Lewis Carroll (information mainly from Wikipedia)
The Rev. Charles Lutwidge Dodgson, the author of “You are old, Father William,” was a very interesting man. He was a minister. He taught at mathematics and wrote several mathematical texts, including Symbolic Logic Parts 1 and 2. He was a photographer. And he loved women and children, particularly the Liddell girls, and he had several relationships deemed scandalous by Victorian standards.
Some colleagues knew him as a somewhat reclusive stammerer, but he was generally seen as a devout scholar; one dean said he was “pure in heart.” To readers all over the world, he became renowned as Lewis Carroll, the author of Alice’s Adventures in Wonderland.
After enrolling at Oxford in 1850, at age 18, Dodgson became a “senior student”—the equivalent of a fellow—at the university’s College of Christ Church. According to college rules, senior students had to be ordained as priests and take a vow of celibacy; Dodgson evaded the ordination rule and lived at the college unmarried, until his death in 1898, less than two weeks before his 66th birthday.
Like many Victorian bachelors, he became a sort of uncle to his friends’ children, making up stories and games and taking them on short trips; the role ensured him a warm welcome in many homes. In 1855, dean Henry Liddell arrived at Christ Church with his wife, Lorina; their son, Harry, and daughters Lorina (or “Ina”), Alice and Edith. (The Liddells would have five more children.) Before long, Dodgson struck up a friendship with Harry, then 9. He is said to have taught Harry rowing and arithmetic, spent time with him and took him on outings. As Harry’s sisters grew older, he also took them under his wing, with their parents’ blessing.
Dodgson particularly liked to pack a picnic lunch and take the Liddell children boating on the Thames, with adult friends or family to share in the rowing.
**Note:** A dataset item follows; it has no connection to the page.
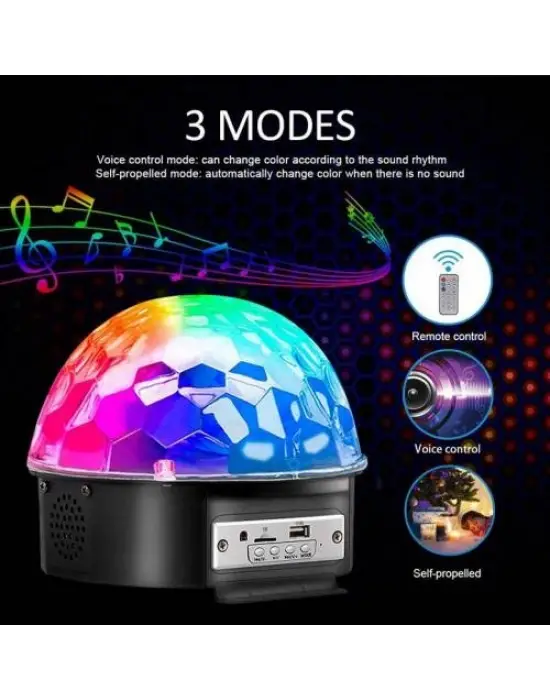 Bluetooth Sd Aux Usb Led Disko Lamba Topu Speaker
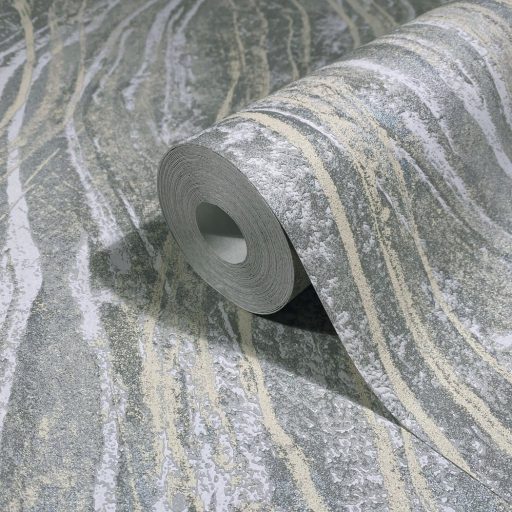 Homokkő rétegek és márvány erezet függőleges hullámokba rendezve törtfehér szürke és bézs tónus tapéta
On a July afternoon in 1862, he took the three Liddell sisters on a stretch of the river between Oxford and Godstow and told them the story that would become Alice. Alice Liddell, then 10, was delighted that the main character bore her name and asked Dodgson to write down the story.
At this time, Dodgson was taking photographs. Although the camera was still a relatively new technology, he had been an early enthusiast, starting in 1856, and he found no shortage of friends who wanted him to make likenesses of them or their children. Of the approximately 3,000 photographs Dodgson made in his life, just over half are of children—30 of whom are depicted nude or semi-nude. Some of his portraits—even those in which the model is clothed—might shock 2010 sensibilities, but by Victorian standards they were rather conventional.
Viewed from twenty-first century eyes, he would probably be considered a paedophile. There is no evidence that his relationship with any of these children ever became eroticized, although he did become estranged from the Liddell family for a time, possibly because of developing a romantic interest in Ida, Alice’s older sister.